In what can only be described as a stunning turn of events, my seven-odd years of blogging have not garnered me the greatness that has not been thrust on so many before me. I'm not sure what my expectations had been back in the tumultuous spring and summer months of 2008 when I began my misadventures in cyberland, which is clearly evident from my early body of work.  I’ve tried to structure my blog thematically around movies as well as, to a lesser degree, other forms of entertainment (TV, music, video games, etc.).  Eventually, a mandate seemed to form out of the online mists, and I began to write with the somewhat clearer purpose of situating whatever cultural artifacts came into the view of my distorted crosshairs within some kind of relevant social context while trying to maintain some sort of my trademark Sarcastic WitTM.

Whether I have achieved that goal to any significant degree is a matter of debate (or not); however, I feel like in the past several years I have made substantial progress in my goal of fucking a stranger in the ass becoming a “legitimate” writer, if only in my own mind.  In keeping with that overall goal, I recently undertook a (significant from my point of view) project to put together a compilation of my writings and publish them in book form.
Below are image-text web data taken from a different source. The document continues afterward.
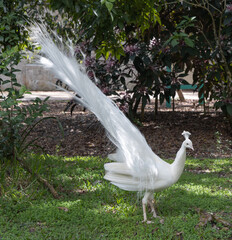 Albeno peacock with full white feathers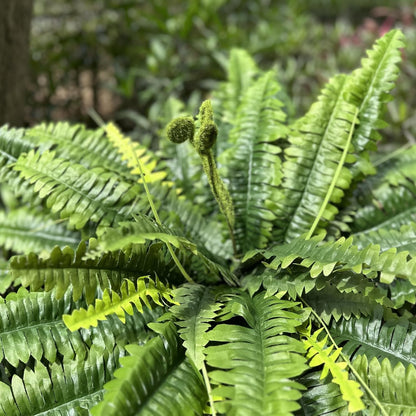 Artificial Ferns for Outdoors & Indoors, 45in Large Fake Ferns Plants with 55 Fronds & Fiddlehead - 2 Stems Looks Real Faux Fern Greenery for Porch Garden Home Office Decor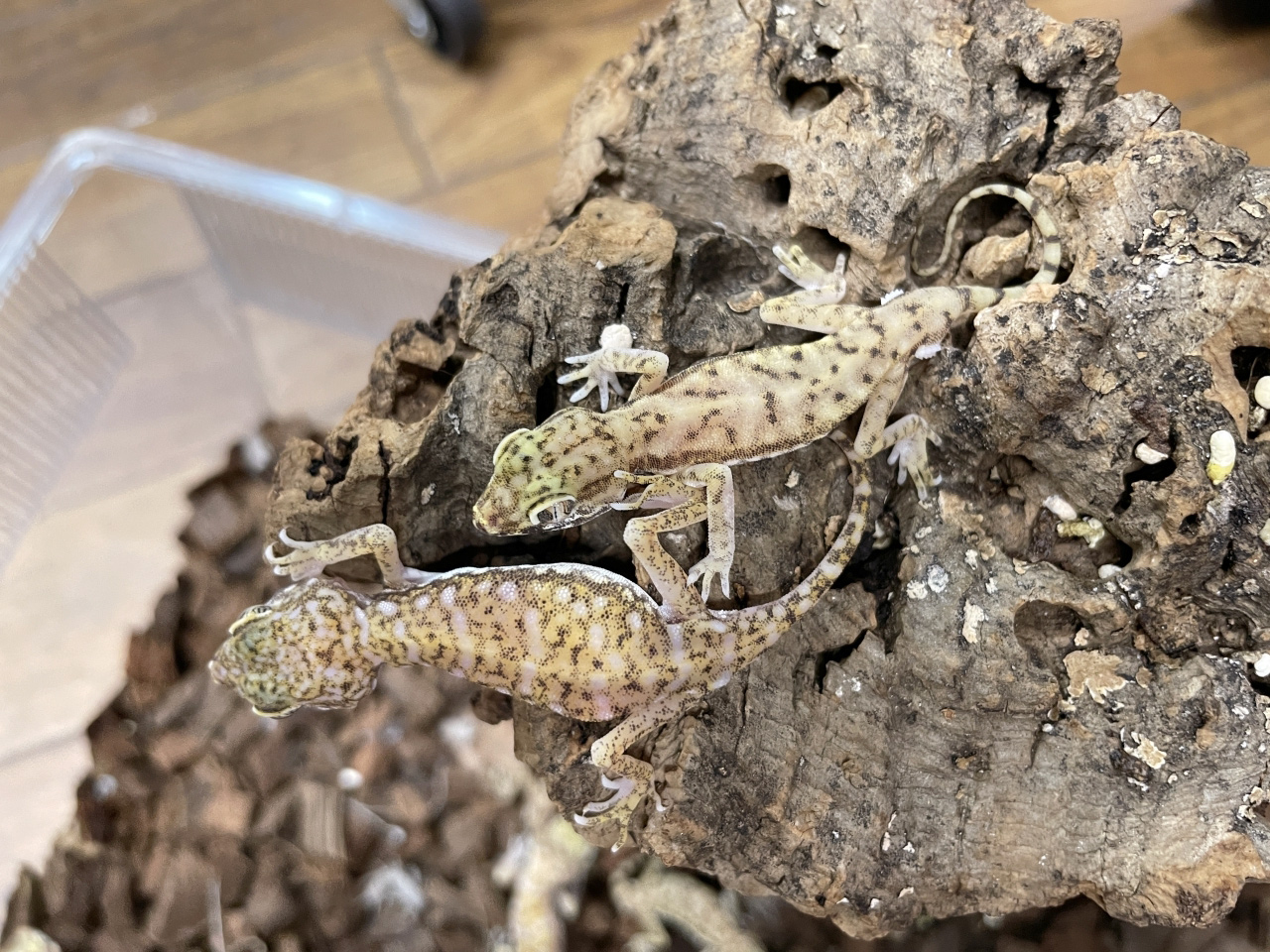 ペトリボウユビヤモリ(7)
That book is now officially available over at Amazon.

Wednesday, October 15, 2014

A Bullitt to the Brain and Other High Octane Tales

BULLITT is one of those classic films that never seemed to reach the heights attained by other classic films but remains an unquestionable staple for any serious collection.  It’s unique in that, by no stretch of the imagination, would it be considered a “great” film in the traditional sense but has reached iconic status based (mostly), from what I can tell, on two essential components of its mythology: the now-famous car chase scene and Steve McQueen's legacy for being fucking cool.  In the grand scheme of things, it's hard to refute the validity of these two points.

The film itself is fairly boring, though I'm not sure whether it felt that way due to the temporal disparity between the time the film was made and the generation of moviegoers to which I was birthed (leaving my mother with a hideous scar as a result of the limited surgical knowledge of the 1980s and the vast amount of cocaine it was later discovered to be in the doctor's system) or whether it was intentional on the part of the filmmakers, who were trying to deliver that slow burn that noirs are notorious for.  I know that the general aesthetic for movies has changed a great deal over the last half century, and movies from the '50s and '60s seem much less kinetic by today's standards, and, as a result, I have been unable to engage with several otherwise great films without the need for mind-altering substances of various varieties (Roughly ...two bags of grass, seventy-five pellets of mescaline, five sheets of high-powered blotter acid, a saltshaker half-full of cocaine, and a whole galaxy of multi-colored uppers, downers, screamers, laughers... Also, a quart of tequila, a quart of rum, a case of beer, a pint of raw ether, and two dozen amyls... etc.).